[sugar] Sugar and the commandline

Axel Liljencrantz liljencrantz
Sun Aug 27 20:31:40 EDT 2006


Hi,

I am sorry if this has already been discussed elsewhere, but I could
find no mention of this on the list. If I have missed something,
please feel free to redirect me to where this has been handled
previously.

I was wondering if anyone had thought about whether sugar should
provide any form of commandline. I realise this is a kid's computer,
not a Unix hacker's computer, however:

* Many kids are really smart, they'll want a system that grows with
them. A shell makes the computer much more 'tinker friendly'.
* I assume that like pretty much every other unix system, the OLPC
will have various bootscrits and other system files that use
shellscript. Kids are curious. They will find these scripts. It makes
sense that they should be provided with a way to figure out how they
work and write their own.
* What is the point of making Sugar open source if the users aren't
given the chance to poke at the internals themselves? A shell gives
the user an excellent 'behind the scenes' view of a system.
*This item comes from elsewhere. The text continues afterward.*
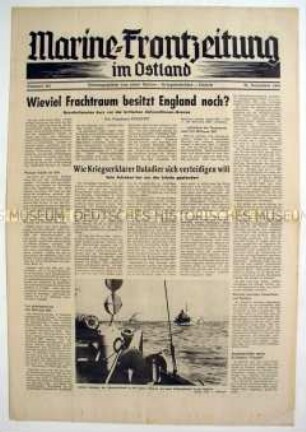 Kriegszeitung "Marine-Frontzeitung im Ostland" u.a. zur Situation der britischen Marine und zur Belagerung von Leningrad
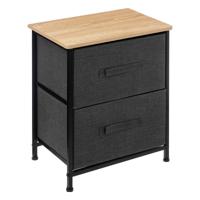 Opbergmandkastje/nachtkastje - 2x manden - 45 x 30 x 51 cm - hout/stof - donkergrijs Opbergmandkastje/nachtkastje - 2x manden - 45 x 30 x 51 cm - hout/stof - donkergrijs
Also, if a commandline _is_ included, I have a weird suggestion: As a
shell, use fish. Fish is a GPL:ed non-Posix shell that I am the main
author of. More info about fish is available at
http://roo.no-ip.org/fish. It's in Fedora extras, so fedora users can
get it using 'yum install fish'.

Some arguments for its use:

* The fact that fish is not Posix-compatible is not a big problem
since none of the kids will be very likely to already be familiar with
bash.

* Fish has a significantly reduced syntax when compared to other
shells. There are fewer builtins, fewer types of quotes, and a much
more uniform syntax. This should make it significantly easier to learn
how to use.

* Fish features syntax highlighting. Commands, wildcards, quoted
strings, IO redirections and various other parts of the command can be
configured to be shown in different colors. Kids like happy colorful
things, and colors even help them learn. This is true for adults as
well. :-)

* Fish tries to be verbose and user friendly in it's error messages.
Often, there are suggestions on how to proceed in the error messages.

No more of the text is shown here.